PROBLEM = What is needed is an exact reproduction of the listing, without its pictures.

SUPPLIED DATA =
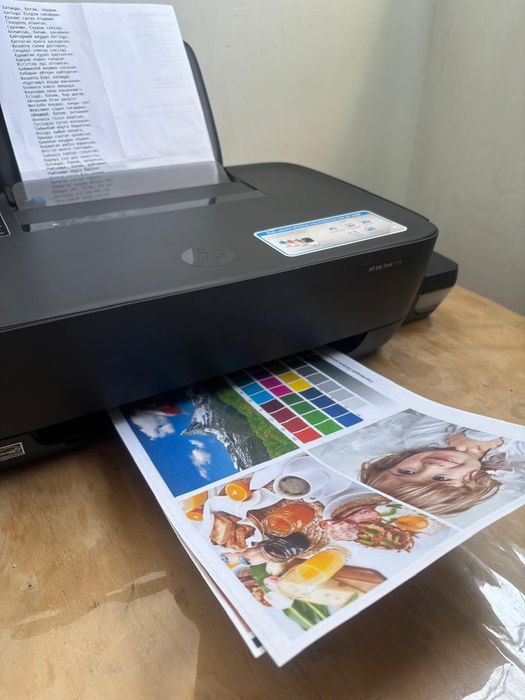 Принтер hp Ink Tank 115 сатылады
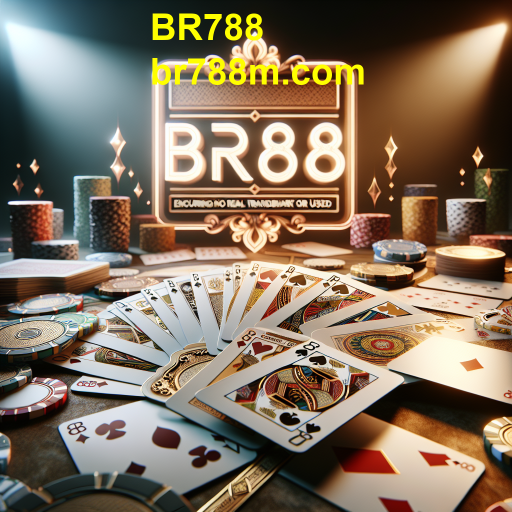 A Evolução dos Jogos de Cartas no BR788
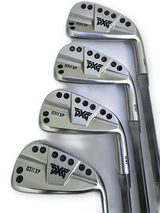 PXG 0311XP Gen3 Iron Set Mitsubishi Chemical MMT 80S Shaft PXG Lamkin Z5 Midsize Grip Right image 1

EXERCISE ANSWER =
 Принтер hp Ink Tank 115 сатылады
 A Evolução dos Jogos de Cartas no BR788
 PXG 0311XP Gen3 Iron Set Mitsubishi Chemical MMT 80S Shaft PXG Lamkin Z5 Midsize Grip Right image 1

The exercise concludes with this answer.